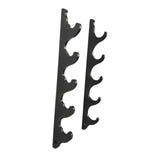 Maxbell Baseball Bat Wall Mounted Horizontal Hanger Black Colour Softball Bat Holder 5 Tiers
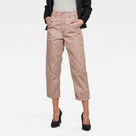 G-Star RAW® Army City Mid Boyfriend Straight Pants Pink model front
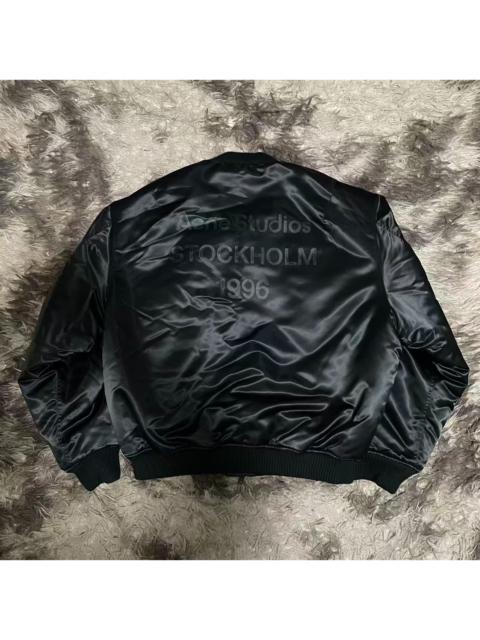 Acne Studios Acne Studios FW25 1996 Stockholm Satin bomber jacket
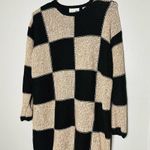 Vintage Paul Harris Black Checkered Shoulder Pad Oversized Sweater size Large Photo 7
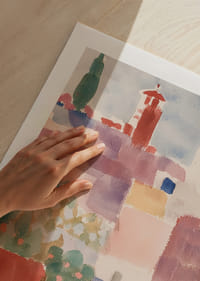 Una alegre mezcla de colores pastel crea un encanto apacible.-5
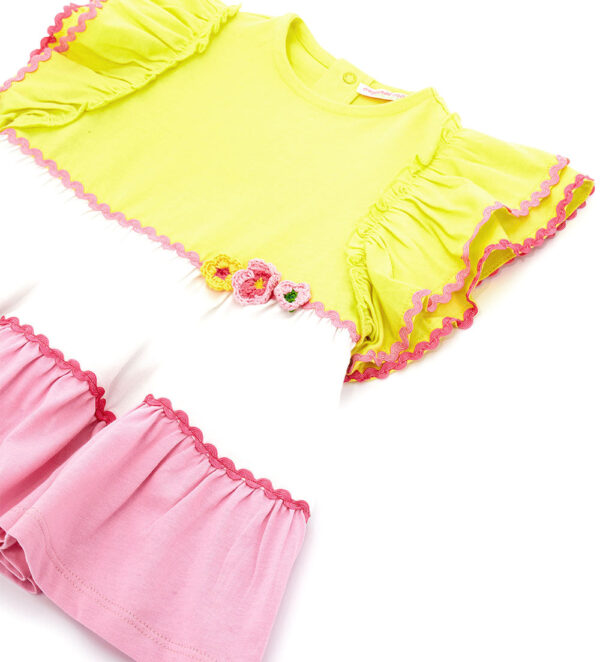 California Mood Baby girl Dress With Ruffles – Image 2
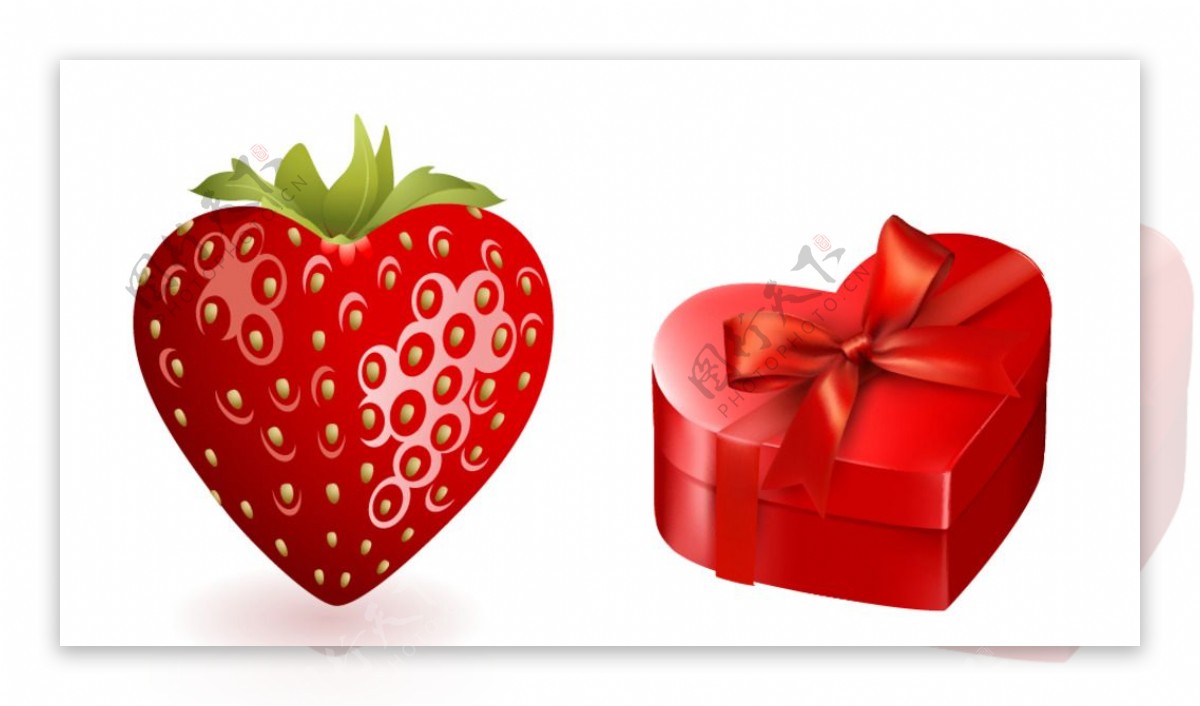 心形草莓礼物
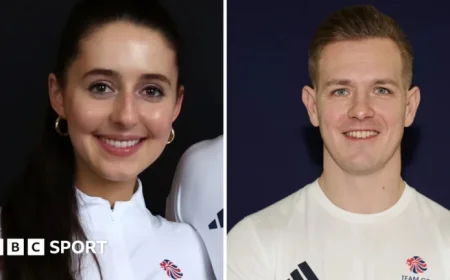 Lilah Fear, Brad Hall to Lead Team GB at 2026 Olympics Opening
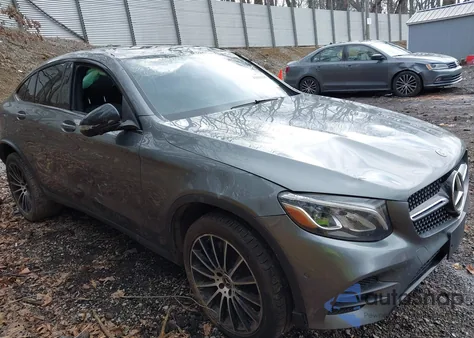 2019 Mercedes-Benz Glc 300 Coupe 4Matic из США, поврежденный, VIN WDC0J4KB8KF664639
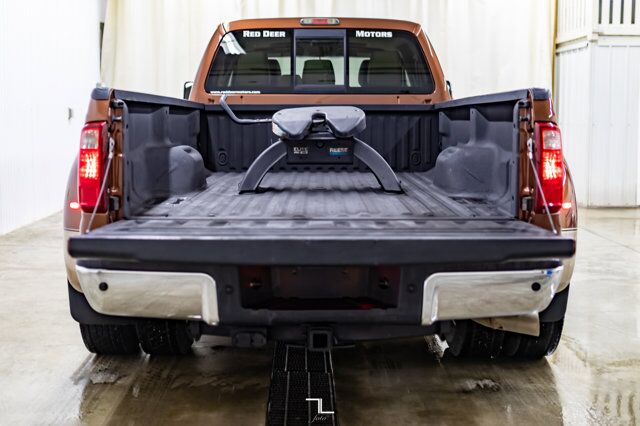 2011 Ford F-450 4x4 Crew Cab Lariat Dually Diesel Leather Roof BCam Red Deer AB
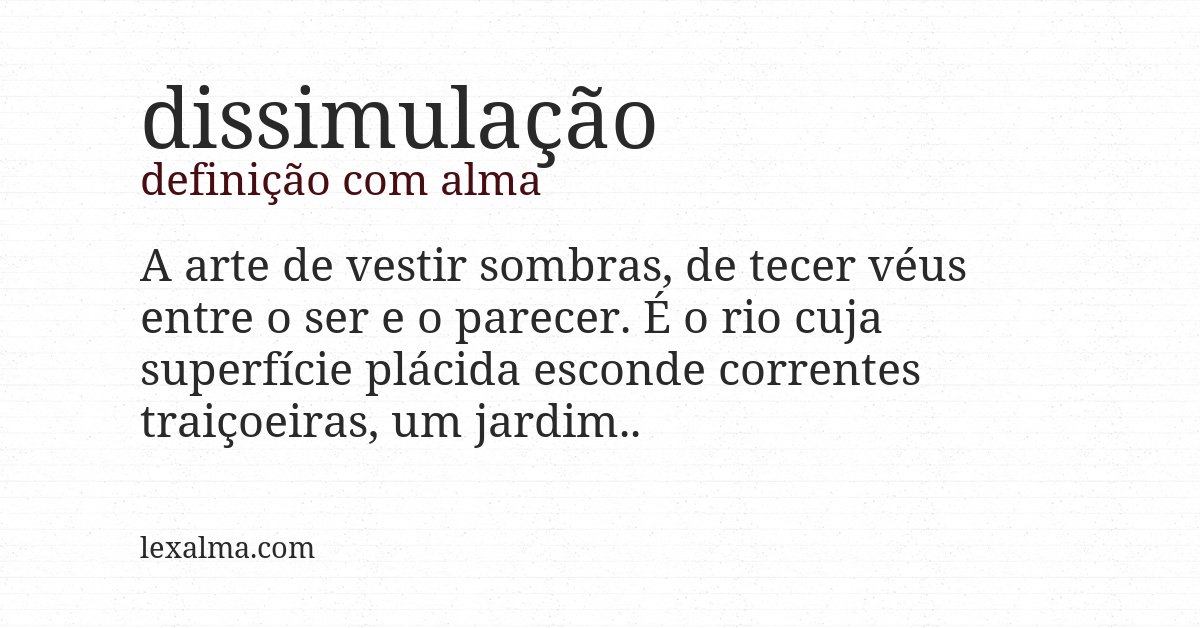 Definição com alma de dissimulação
+---+
* TASK INSTRUCTIONS:
The copy should match each line above exactly and contain no images.

* THE ANSWER:
 Maxbell Baseball Bat Wall Mounted Horizontal Hanger Black Colour Softball Bat Holder 5 Tiers
 G-Star RAW® Army City Mid Boyfriend Straight Pants Pink model front
 Acne Studios Acne Studios FW25 1996 Stockholm Satin bomber jacket
 Vintage Paul Harris Black Checkered Shoulder Pad Oversized Sweater size Large Photo 7
 Una alegre mezcla de colores pastel crea un encanto apacible.-5
 California Mood Baby girl Dress With Ruffles – Image 2
 心形草莓礼物
 Lilah Fear, Brad Hall to Lead Team GB at 2026 Olympics Opening
 2019 Mercedes-Benz Glc 300 Coupe 4Matic из США, поврежденный, VIN WDC0J4KB8KF664639
 2011 Ford F-450 4x4 Crew Cab Lariat Dually Diesel Leather Roof BCam Red Deer AB
 Definição com alma de dissimulação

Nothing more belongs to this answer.